Comme Ghislaine et Claude, ils sont nombreux, ces confrères et consoeurs, à être tombés, à travers le monde, pour l’amour et la passion d’informer, dans les règles de l’éthique et de la déontologie qui constituent le socle de la profession. Au risque d’égrener le chapelet à satiété, nous ne saurons oublier, au Burkina Faso, l’émérite confrère et étoile polaire du journalisme, et plus singulièrement, du journalisme d’investigation, Norbert Zongo. Le directeur de publication de L’Indépendant, a été lâchement assassiné, le 13 décembre 1998, à Sapouy, à quelques encablures de Ouagadougou, la capitale du Burkina Faso.  Cela fait maintenant 22 ans, qu’en sa mémoire, et pour réclamer justice pour «Henri Sebgo», c’est son pseudonyme, la flamme d’une lampe brûle toujours au centre national de presse qui porte son nom. L’affaire a connu et continue de vivre ses rebondissements, mais suit son cours et l’espoir est permis que la flamme s’éteigne avec l’éclatement de la vérité. Et quand justice sera dite, la flamme sera ravivée, non plus en signe de deuil, mais pour perpétuer l’œuvre incommensurable de Norbert Zongo, le point cardinal du journalisme au Burkina. Certes, depuis lors, le Burkina Faso ne compte plus de journalistes incarcérés ou assassinés pour leur opinion, mais ils sont encore légion à recevoir des coups de fil menaçants ou injurieux, ou pire même à subir des actes violents d’intimidation de toutes sortes, simplement parce qu’ils ont osé parler ou écrire.

«Je demeure convaincu qu’un journaliste n’est pas un enfant de chœur et que son rôle ne consiste pas à précéder les processions, la main plongée dans une corbeille de pétales de roses. Notre métier n’est pas de faire plaisir, non plus de faire du tort. Il est de porter la plume dans la plaie…». Difficile de trouver mieux que le célèbre Albert Londres, pour définir le journaliste qui, dans une humilité totale, joue ce rôle d’informateur au quotidien, même quand les balles sifflent. Du reste, comme s’en inquiète Reporters sans frontières (RSF), lorsque l’ONG dévoilait l’édition 2020 du classement mondial de la liberté de la presse, «la décennie à venir sera décisive pour l’avenir du journalisme -à cause de- la pandémie du Covid 19 –qui- met en lumière et amplifie les crises multiples qui menacent le droit à une information libre, indépendante, pluraliste et fiable».

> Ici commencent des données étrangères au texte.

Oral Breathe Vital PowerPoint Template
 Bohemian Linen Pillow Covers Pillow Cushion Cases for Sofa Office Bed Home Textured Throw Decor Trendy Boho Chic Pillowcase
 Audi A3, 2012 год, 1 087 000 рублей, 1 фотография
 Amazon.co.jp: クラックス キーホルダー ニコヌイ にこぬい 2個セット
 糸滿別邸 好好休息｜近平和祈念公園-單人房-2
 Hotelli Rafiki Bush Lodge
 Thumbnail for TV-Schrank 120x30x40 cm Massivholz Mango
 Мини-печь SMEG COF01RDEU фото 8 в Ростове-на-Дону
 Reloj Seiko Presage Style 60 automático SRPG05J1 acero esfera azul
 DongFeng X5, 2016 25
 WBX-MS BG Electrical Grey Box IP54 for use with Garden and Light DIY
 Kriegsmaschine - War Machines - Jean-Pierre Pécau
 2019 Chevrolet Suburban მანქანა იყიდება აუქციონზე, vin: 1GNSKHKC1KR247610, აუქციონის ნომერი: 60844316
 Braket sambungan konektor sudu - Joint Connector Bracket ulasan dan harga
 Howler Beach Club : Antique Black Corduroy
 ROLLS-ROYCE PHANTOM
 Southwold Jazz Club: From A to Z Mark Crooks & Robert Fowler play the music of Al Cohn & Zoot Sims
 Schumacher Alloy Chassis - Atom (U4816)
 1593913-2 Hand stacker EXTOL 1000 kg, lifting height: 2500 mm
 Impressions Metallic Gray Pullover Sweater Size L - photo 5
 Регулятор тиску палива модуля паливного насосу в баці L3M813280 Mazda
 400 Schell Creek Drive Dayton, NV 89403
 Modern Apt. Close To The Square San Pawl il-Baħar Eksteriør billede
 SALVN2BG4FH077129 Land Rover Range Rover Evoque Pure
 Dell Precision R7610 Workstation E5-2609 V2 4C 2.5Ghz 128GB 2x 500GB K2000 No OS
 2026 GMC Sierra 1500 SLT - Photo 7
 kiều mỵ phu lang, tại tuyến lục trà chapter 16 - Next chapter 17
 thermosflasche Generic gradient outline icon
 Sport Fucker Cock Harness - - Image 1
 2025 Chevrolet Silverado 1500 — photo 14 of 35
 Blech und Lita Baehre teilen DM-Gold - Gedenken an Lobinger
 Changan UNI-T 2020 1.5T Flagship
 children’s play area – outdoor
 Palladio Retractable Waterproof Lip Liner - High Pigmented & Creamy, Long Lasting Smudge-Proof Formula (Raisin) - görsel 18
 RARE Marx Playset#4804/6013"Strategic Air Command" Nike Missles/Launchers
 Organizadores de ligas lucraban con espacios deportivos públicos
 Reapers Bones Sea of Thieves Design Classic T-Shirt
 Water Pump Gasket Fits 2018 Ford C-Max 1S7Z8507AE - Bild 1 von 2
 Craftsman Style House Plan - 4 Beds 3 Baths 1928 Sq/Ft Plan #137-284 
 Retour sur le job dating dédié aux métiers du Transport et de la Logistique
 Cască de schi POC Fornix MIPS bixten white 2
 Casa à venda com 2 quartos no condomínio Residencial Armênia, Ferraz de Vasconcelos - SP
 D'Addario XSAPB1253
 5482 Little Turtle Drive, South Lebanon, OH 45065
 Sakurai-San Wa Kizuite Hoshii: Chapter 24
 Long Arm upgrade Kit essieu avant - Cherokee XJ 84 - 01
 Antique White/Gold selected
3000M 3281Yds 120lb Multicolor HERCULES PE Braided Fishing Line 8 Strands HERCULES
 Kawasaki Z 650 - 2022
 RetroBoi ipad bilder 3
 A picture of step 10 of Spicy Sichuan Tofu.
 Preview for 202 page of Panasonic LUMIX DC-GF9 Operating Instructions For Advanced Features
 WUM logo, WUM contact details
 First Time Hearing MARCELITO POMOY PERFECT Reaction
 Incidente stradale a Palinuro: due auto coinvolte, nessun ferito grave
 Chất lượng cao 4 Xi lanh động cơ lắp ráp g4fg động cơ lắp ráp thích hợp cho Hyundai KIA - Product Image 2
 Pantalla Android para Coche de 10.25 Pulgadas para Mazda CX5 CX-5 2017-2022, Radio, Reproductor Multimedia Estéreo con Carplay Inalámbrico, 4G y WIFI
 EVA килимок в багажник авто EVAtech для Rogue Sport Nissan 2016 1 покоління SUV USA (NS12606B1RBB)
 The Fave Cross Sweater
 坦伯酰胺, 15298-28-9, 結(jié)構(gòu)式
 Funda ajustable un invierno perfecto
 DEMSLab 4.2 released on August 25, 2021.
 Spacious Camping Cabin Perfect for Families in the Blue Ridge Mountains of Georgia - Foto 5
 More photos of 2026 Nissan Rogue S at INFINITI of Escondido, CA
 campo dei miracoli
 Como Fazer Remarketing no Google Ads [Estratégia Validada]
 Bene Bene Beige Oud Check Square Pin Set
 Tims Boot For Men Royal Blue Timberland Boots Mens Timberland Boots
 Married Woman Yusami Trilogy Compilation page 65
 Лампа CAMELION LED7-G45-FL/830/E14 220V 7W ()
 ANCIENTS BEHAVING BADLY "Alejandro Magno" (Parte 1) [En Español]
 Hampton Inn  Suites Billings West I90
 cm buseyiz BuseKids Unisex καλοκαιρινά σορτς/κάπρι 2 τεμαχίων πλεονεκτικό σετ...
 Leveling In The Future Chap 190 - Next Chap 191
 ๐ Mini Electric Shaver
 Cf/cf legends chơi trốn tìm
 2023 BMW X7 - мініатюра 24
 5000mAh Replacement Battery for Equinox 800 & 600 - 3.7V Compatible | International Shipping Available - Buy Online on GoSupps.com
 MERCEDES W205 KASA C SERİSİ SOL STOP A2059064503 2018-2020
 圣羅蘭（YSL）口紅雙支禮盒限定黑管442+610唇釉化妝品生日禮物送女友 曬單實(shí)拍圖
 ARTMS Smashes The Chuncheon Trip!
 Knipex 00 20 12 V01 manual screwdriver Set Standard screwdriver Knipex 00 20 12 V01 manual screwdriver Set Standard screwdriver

Comme quoi, la situation de la profession continuera de se précariser. C’est, plus que jamais l’occasion dire à ceux qui nous gouvernent, en ce 2 novembre décrété, par les Nations Unies, «Journée internationale de la fin de l’impunité pour les crimes contre des journalistes», qu’il est temps que justice soit faite pour Ghislaine Dupont, Claude Verlon, Norbert Zongo et tous leurs confrères et consoeurs assassinés, embastillés ou persécutés au nom de la liberté de la presse.